At this point I am uncertain who, exactly, said that Nature abhors a vacuum (I think Aristotle, but I will check before I publish.  If I am right, you will never know that it was ever in doubt.  If I am wrong, you will just never know.) but I am inclined to disagree.  (Check him out, disagreeing with an ancient Greek.  Who does he think he is?)  I think that nature loves a vacuum because it gives it somewhere to dump all the excess baggage it has been lugging around for far too long.  I had just begun to sort the spaghetti jumble between my ears and laid it all out neatly, like a raffia placemat, in preparation for my refocus, when all the unused crap that I had forgotten was up there rushed in to fill the void.  Every half-baked, unresolved idea I ever had, thrown into a bowl with my lovely linear pasta and stirred wildly until there was no chance of ever separating the olives from the anchovies, but similarly, no point in emptying it all again, because I had no idea of what might replace it.  (If it is anything to do with beetroot, my time here is done!)  I put a lid on it, pushed it into the fridge and hoped that by the time I got it out again, it might have turned itself into a traybake.

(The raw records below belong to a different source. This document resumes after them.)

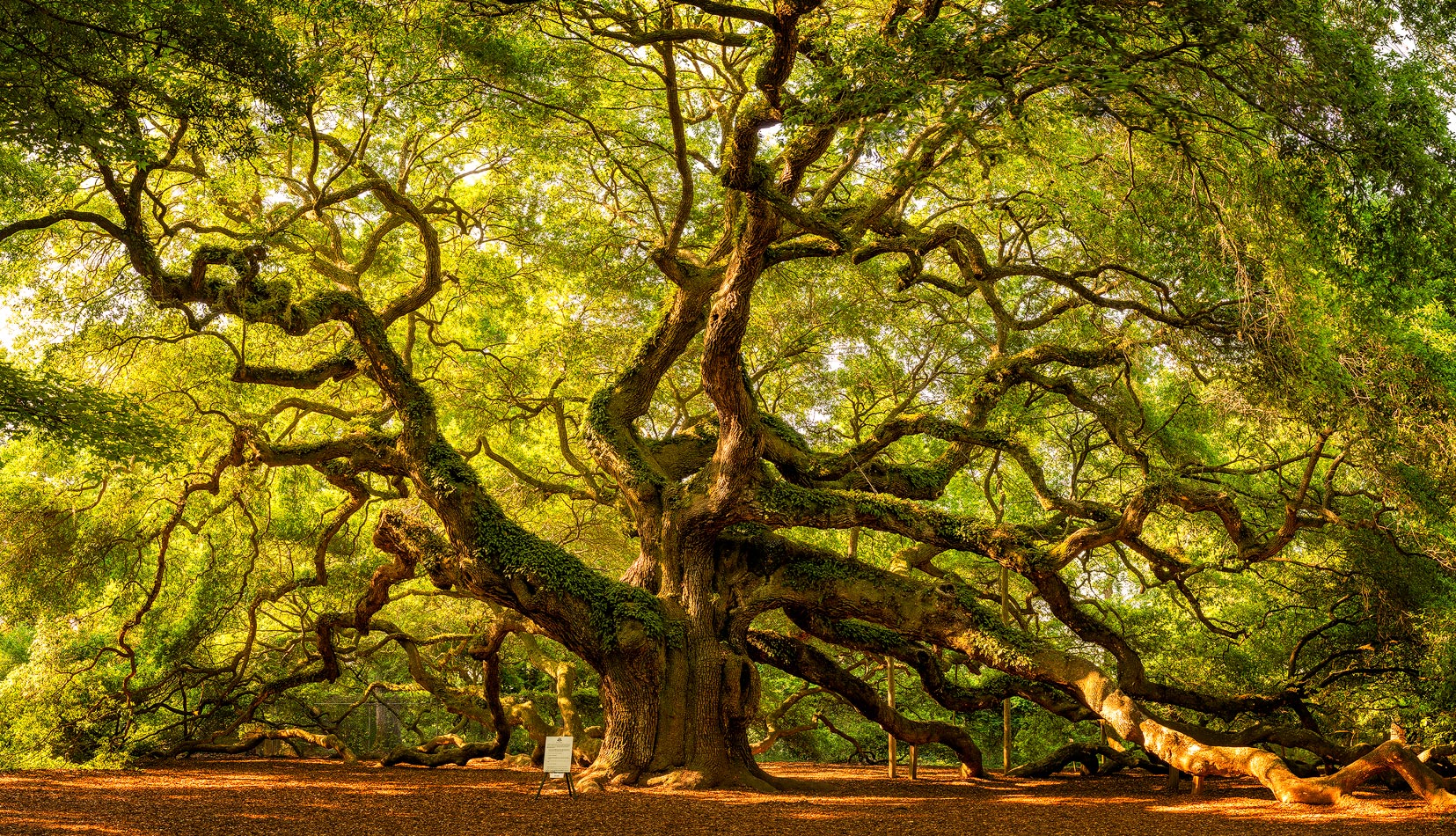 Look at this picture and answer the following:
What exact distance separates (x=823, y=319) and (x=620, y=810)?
756 centimetres

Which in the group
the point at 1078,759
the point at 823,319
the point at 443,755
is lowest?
the point at 443,755

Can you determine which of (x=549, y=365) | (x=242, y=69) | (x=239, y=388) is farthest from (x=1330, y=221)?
(x=239, y=388)

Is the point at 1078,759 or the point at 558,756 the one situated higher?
the point at 558,756

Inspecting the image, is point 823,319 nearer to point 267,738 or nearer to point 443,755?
point 443,755

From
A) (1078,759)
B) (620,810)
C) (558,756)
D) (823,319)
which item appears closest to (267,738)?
(558,756)

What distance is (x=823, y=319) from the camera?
13.2 meters

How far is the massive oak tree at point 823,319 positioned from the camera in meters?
6.35

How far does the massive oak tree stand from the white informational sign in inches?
49.4

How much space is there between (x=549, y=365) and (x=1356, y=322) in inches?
363

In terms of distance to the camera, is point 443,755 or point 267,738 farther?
point 267,738

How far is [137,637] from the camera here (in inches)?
511

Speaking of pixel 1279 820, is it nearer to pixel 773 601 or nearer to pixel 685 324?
pixel 773 601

In 1979, a musician called Judie Tzuke dropped an album called ‘Welcome to the Cruise’ including the single ‘Stay With Me ‘Til Dawn’: they are probably to this day the only things that most people will remember her for (if they remember her at all).  Yet she has consistently produced great music ever since and yesterday her twenty-second studio album dropped onto my doormat (Jude the Unsinkable should you wish to search it out) and an empty cranium was the perfect place to lodge the songs.  Very little cheers me as much as new music.

Then, a little later the same day, I received an email from Amazon informing me that the inestimable Petra Jacobs (formerly Inkbiotic on this very site) has a new book that I might care to read.  Well yes, thank you Mr Jassy, I certainly would.  The notion of spending a few hundred pages tucked up in Ms Jacobs’ febrile imagination would suit me very well indeed.

Any-old-how, by then positively content – approaching cheery I would say – I decided that I would leave my head alone: that things would somehow or other ‘sort themselves out’ as I wrote – they always have in the past, haven’t they?* – and that is where I find myself today: back from a couple of days off with a brainful of minestrone and just a fork to eat it with.  As ever, I carry the conviction that crouton-like, something will bob to the surface and present itself to me in a form that will allow me to smother it in parmesan and serve it up in immaculate, tiny portions – possibly with braised samfire and a slightly warm House White…

…although, sadly, for now the raffia placemat is otherwise engaged.

*The truthful answer to this question is, of course, ‘No’, but this is my own deluded blog, so we’ll just gloss over it for now.